You’ve made it this far. You’ve been diligent and hardworking through each of the six steps. So, now it’s time to sit back and wait for the book offers to roll in. Or not. Most likely, after you take a break, you’ll need to go back to step #1 and start all over again.
In case you forgot, here are the 7 steps in “How to Make Your Novel Sellable”:
- Initial Read Through
- Seek and Destroy Problem Words
- In-depth Word Analysis
- Read it Out
- Get Some Feedback
- Let it Rest
Step #7: Repeat!
Even if you don’t feel it necessary to go through all six steps again, you won’t know that for certain until you at least go through step #1 again. Make sure you do step #6 and take time away from it, first, though. You’ll need that perspective to make sure the book really is ready to go out (or isn’t).
Take the time to consider honestly whether or not you think the book is polished enough to shop it (or pub it). It’s very tempting to rush. You’ve worked so hard and for so long that you just want to see something happen. Do. Not. Rush. It!
Once you send it out, you can’t get it back. Once you send it to an agent, they won’t want to see it again after they reject it (even if you’ve made significant changes). If you decide to self-publish, you can’t pull back the copies people have downloaded to fix embarrassing mistakes.

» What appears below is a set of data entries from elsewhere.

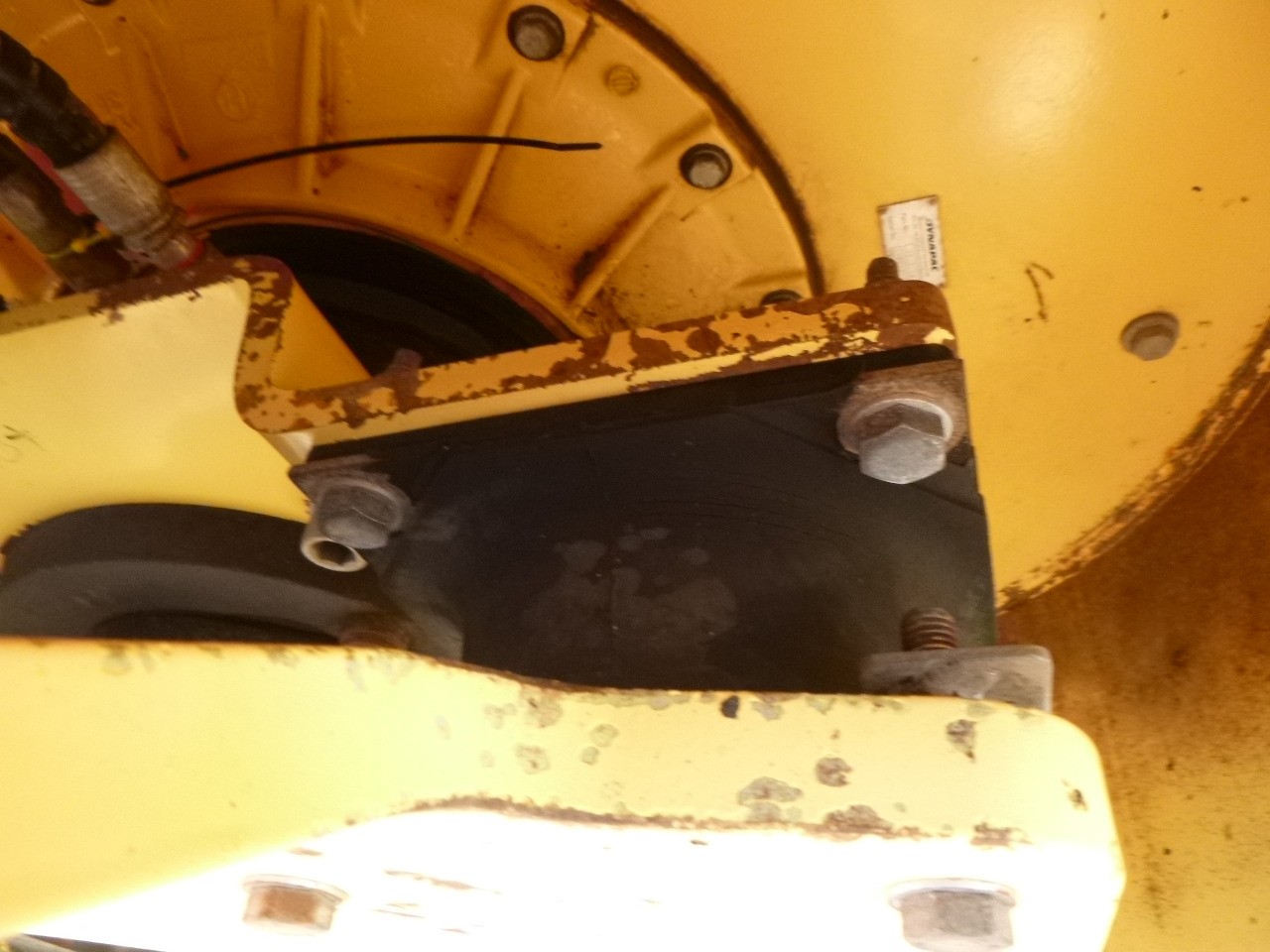 Valjak za puteve DYNAPAC CC432V: slika 25 Valjak za puteve DYNAPAC CC432V: slika 25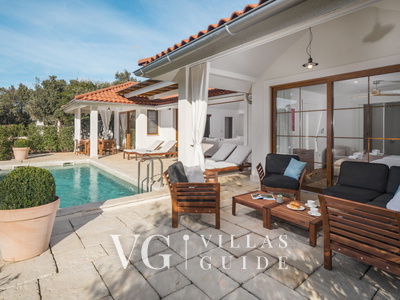 Villa Porto Bus Beachside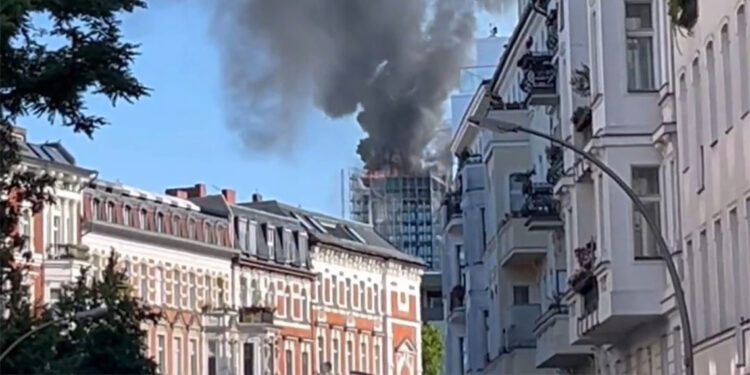 Berlin'de inşaat halindeki bir binanın çatı katında yangın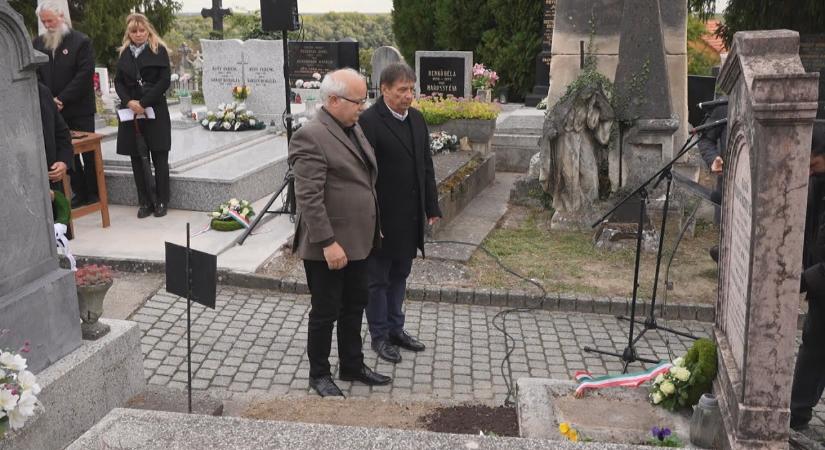A vértanúkra emlékeztek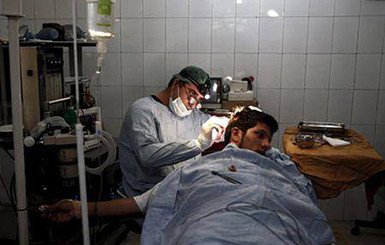В Афганистане хирург - 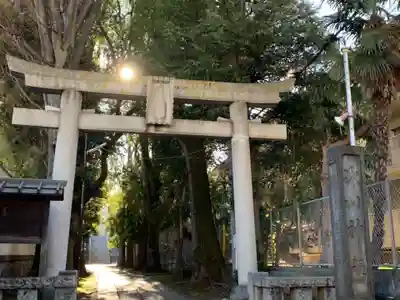 桐ヶ谷氷川神社の鳥居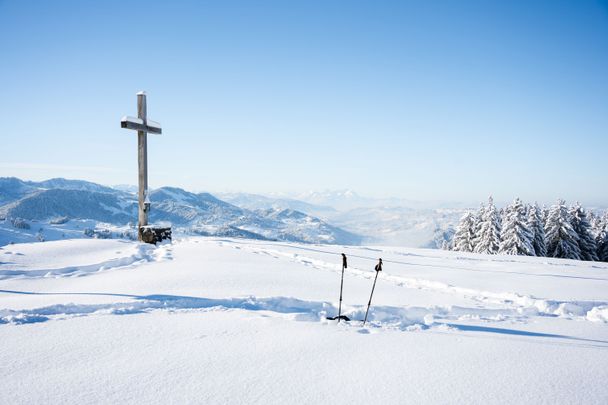 Winterwandern an der Salmaser Höhe_(c) Oberstaufen Tourismus - Nico Bogenreuther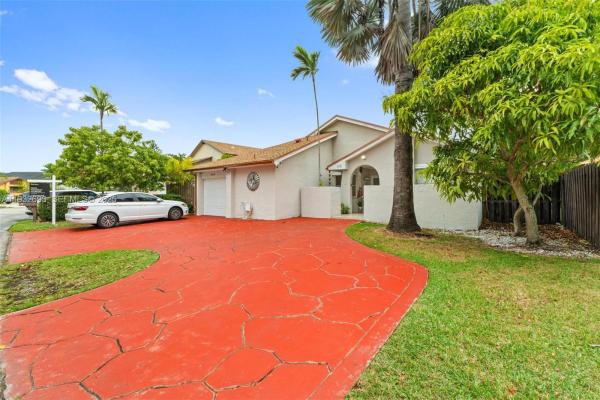 5018 SW 148th Pl, Miami, Florida 33185, image 1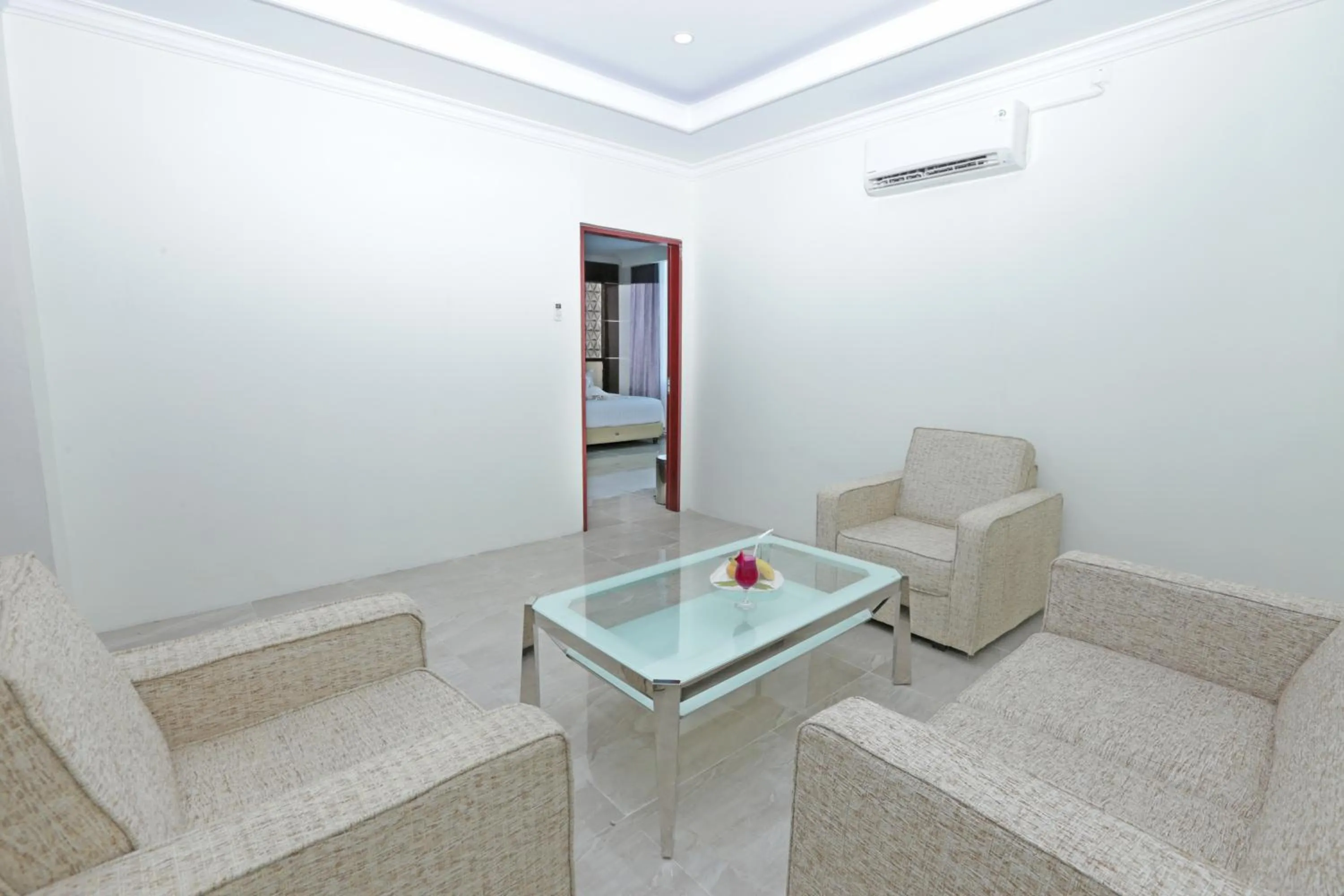 Living room in Sindoro Hotel Cilacap By Conary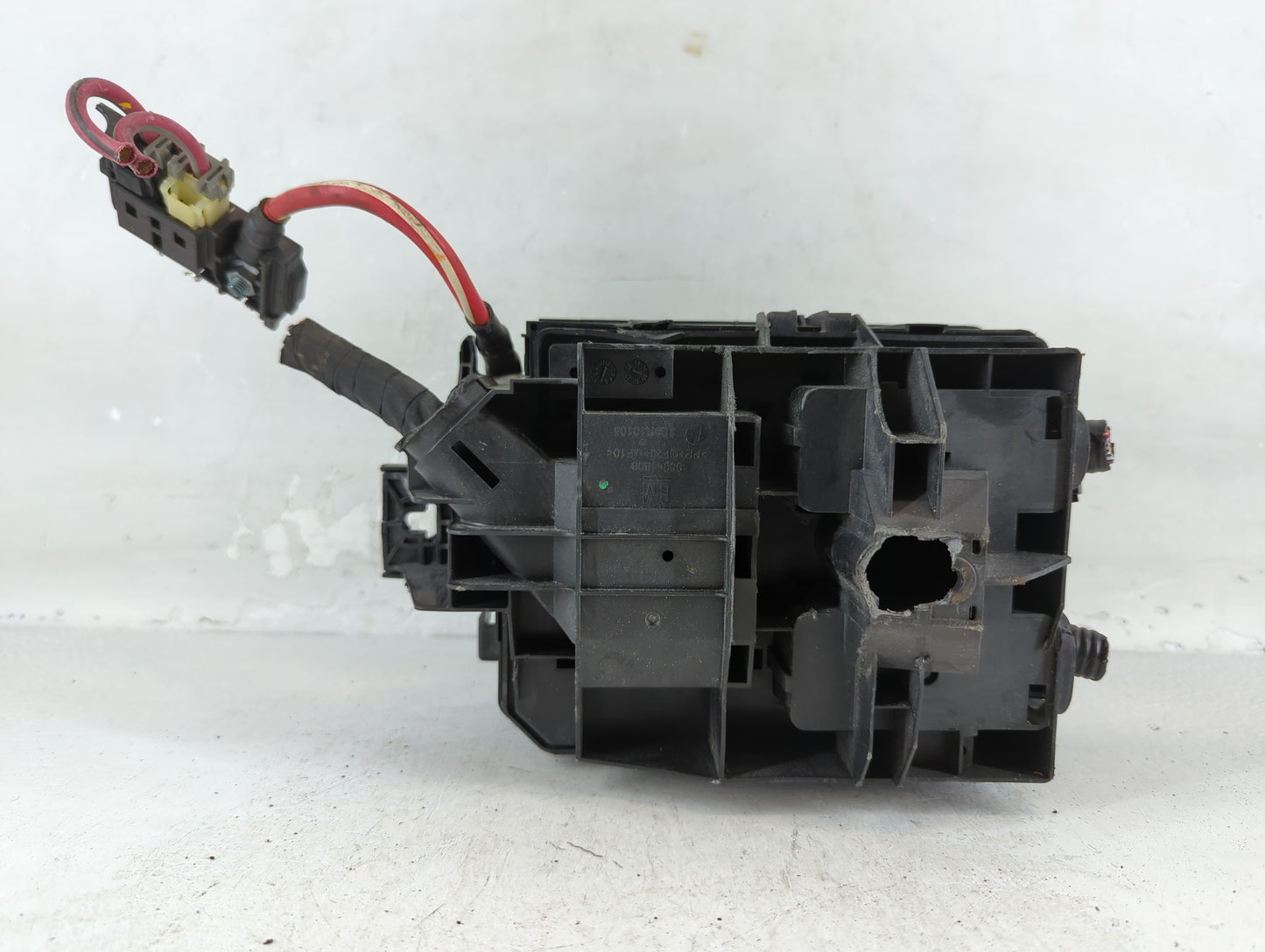 2018-2020 Buick Encore Fusebox Fuse Box Panel Relay Module P/N:C0000465 2624875 Fits Fits 2018 2019 2020 OEM Used Auto Parts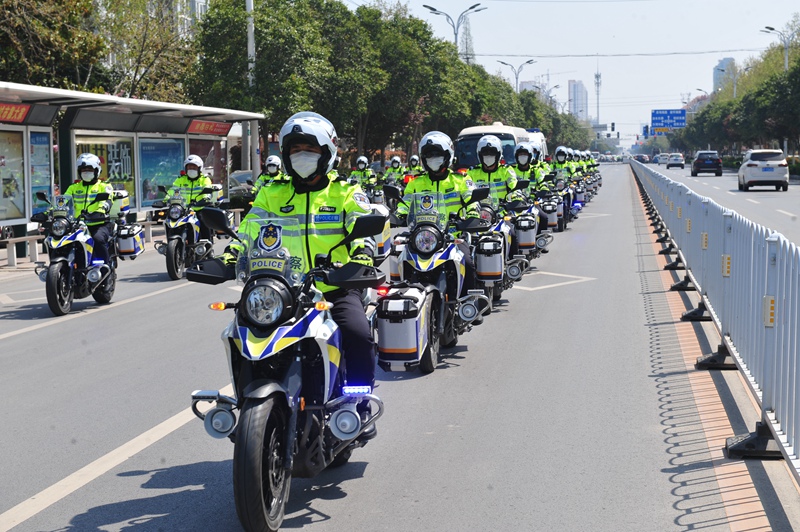 摩托車隊護送英雄歸來.jpg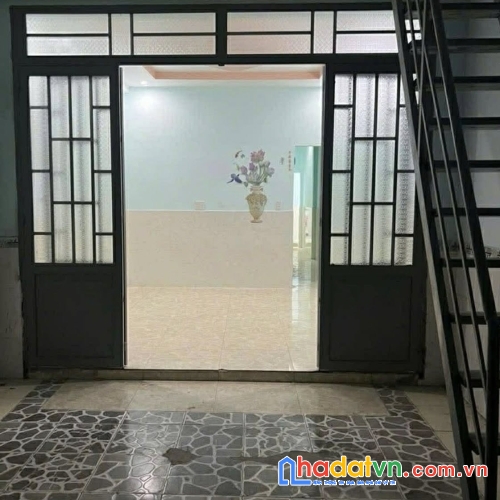 70m2 2 tầng - 1/ kế tên lửa - có phòng trệt - sổ chuẩn vuông - nhỉnh 3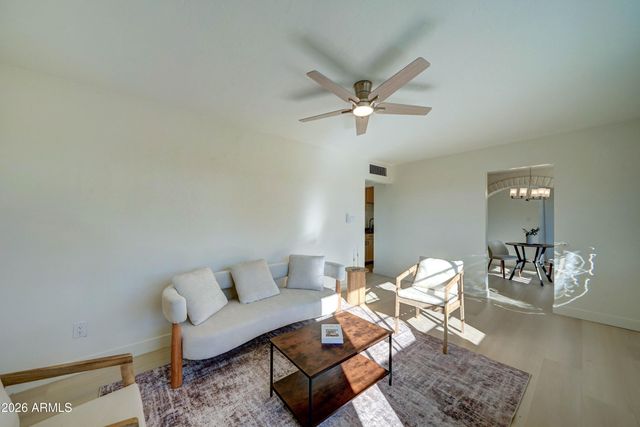 1812 N 32ND Place, Phoenix, AZ 85008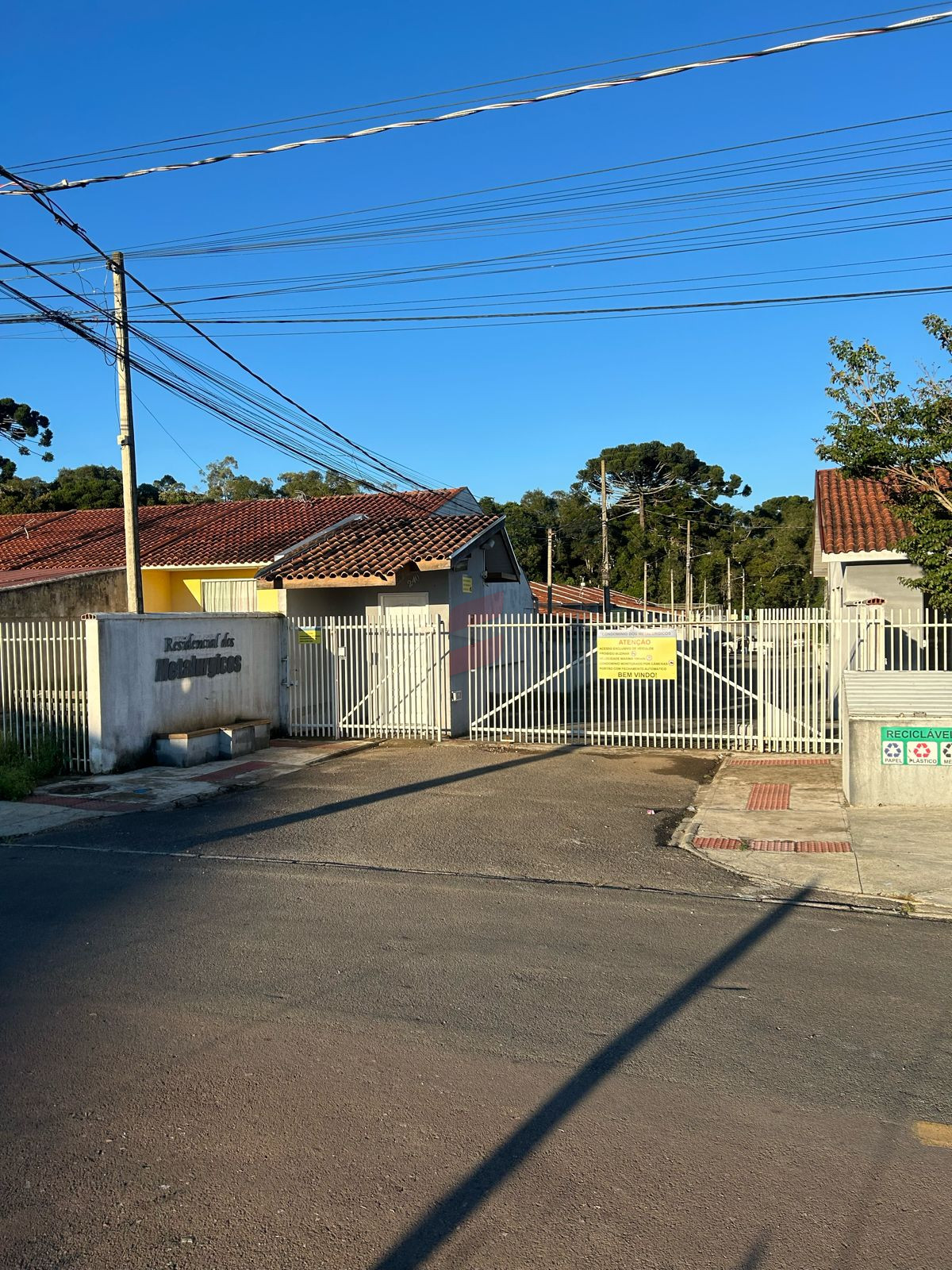 <p>Casa em condomínio  com 2 quartos, 1 sala, cozinha, bwc, lavanderia e duas vagas de garagem.</p>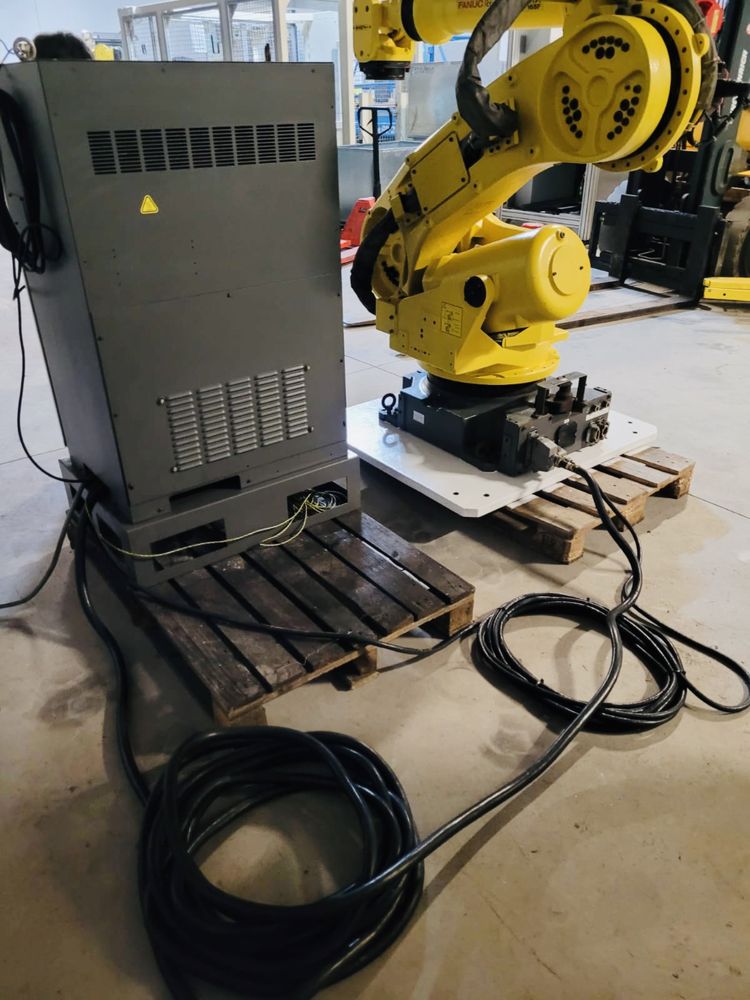Robot Przemysłowy  200iB FANUC Robot 2000iA 165F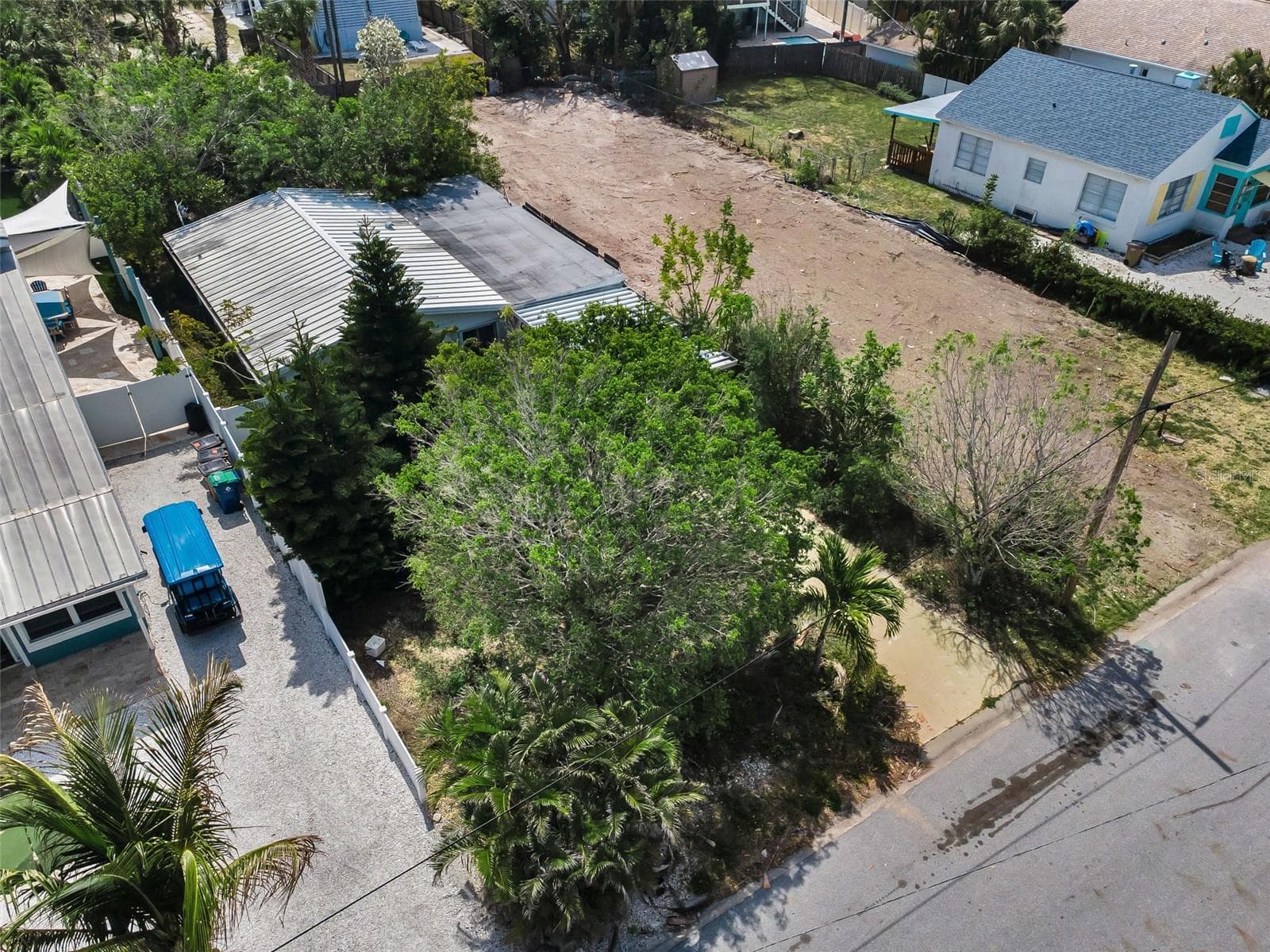 1213 BAY PALM BOULEVARD — photo 3 of 7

This is a great time to hire a professional. I know this can get pricey, but it’s an investment in your book and in your future. Get your novel as absolutely perfect as you can make it doing these steps. Then pay someone to make sure. You owe it to your book and your future career to put out the very best book you can.
It might take as many as 30—THIRTY—rounds of editing to get your book ready. And that’s according to authors Claire Keegan and Carlo Gébler. I’ve heard of authors spending years editing one book. A novel is a work of art. Give the paint time to dry, let the clay fully bake. Knowing whether or not your book is through percolating is part of learning the art of the craft. Sadly, I see too many people push it forward in hopes of turning a buck. Take the time to make the book good and it’ll pay much better than something that shouldn’t have hit the shelves until you passed over it a few more times.
There are multiple blogs out there that offer first page or first X number of words reviews and critiques. Submit your story to some of those and see what the pros say. This is especially important if you’re self-publishing and won’t have an agent and editor to work with at some point. Again, sooo important that you hire a professional editor if you’re self-publishing. And get the package that does it all—line edits, plot and character critiques, proofreading. (And somewhat off topic, PAY BIG MONEY to have a professional cover designed. This is your product’s package, and all clichés aside, EVERYONE judges a book by its cover.)
When you do send it out to agents, start small. See what feedback, if any, you get from them. Make any suggested changes, then query a bunch more. If you send too many queries at a time before you get any feedback, you just lost possible agents.
Your next step once your book is polished: the query letter. And you thought writing and editing was tough!